• [What the task asks]
None of the pictures should be copied, though every line of the listing must be printed exactly.

• [Data extract]
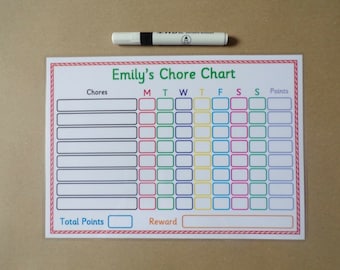 Personalised Weekly Chore Chart, daily chores, dry ease, dry wipe, reusable, Kids chore chart,  jobs to do, household chores, reward chart.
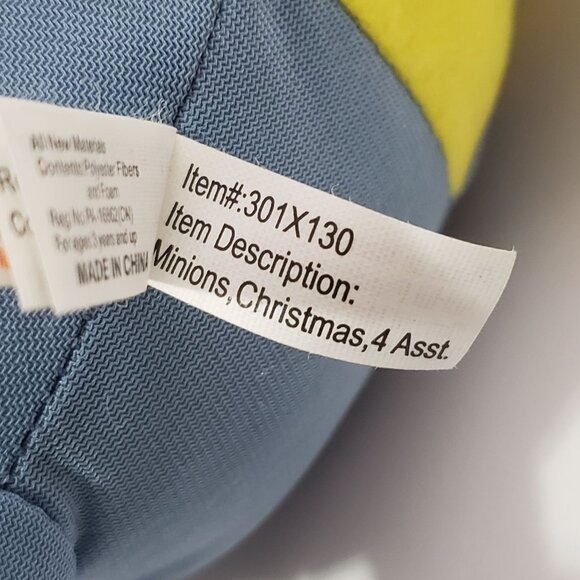 Despicable Me Minion Stuart Candy Cane Christmas Yellow Plush Soft Toy Factory - Picture 12 of 13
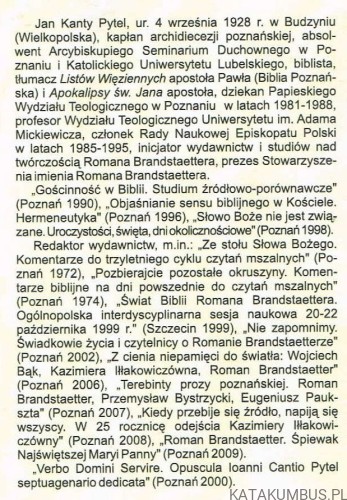 Inaczej. Jeszcze raz o księdzu. JAN KANTY PYTEL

• [Output for this exercise]
 Personalised Weekly Chore Chart, daily chores, dry ease, dry wipe, reusable, Kids chore chart,  jobs to do, household chores, reward chart.
 Despicable Me Minion Stuart Candy Cane Christmas Yellow Plush Soft Toy Factory - Picture 12 of 13
 Inaczej. Jeszcze raz o księdzu. JAN KANTY PYTEL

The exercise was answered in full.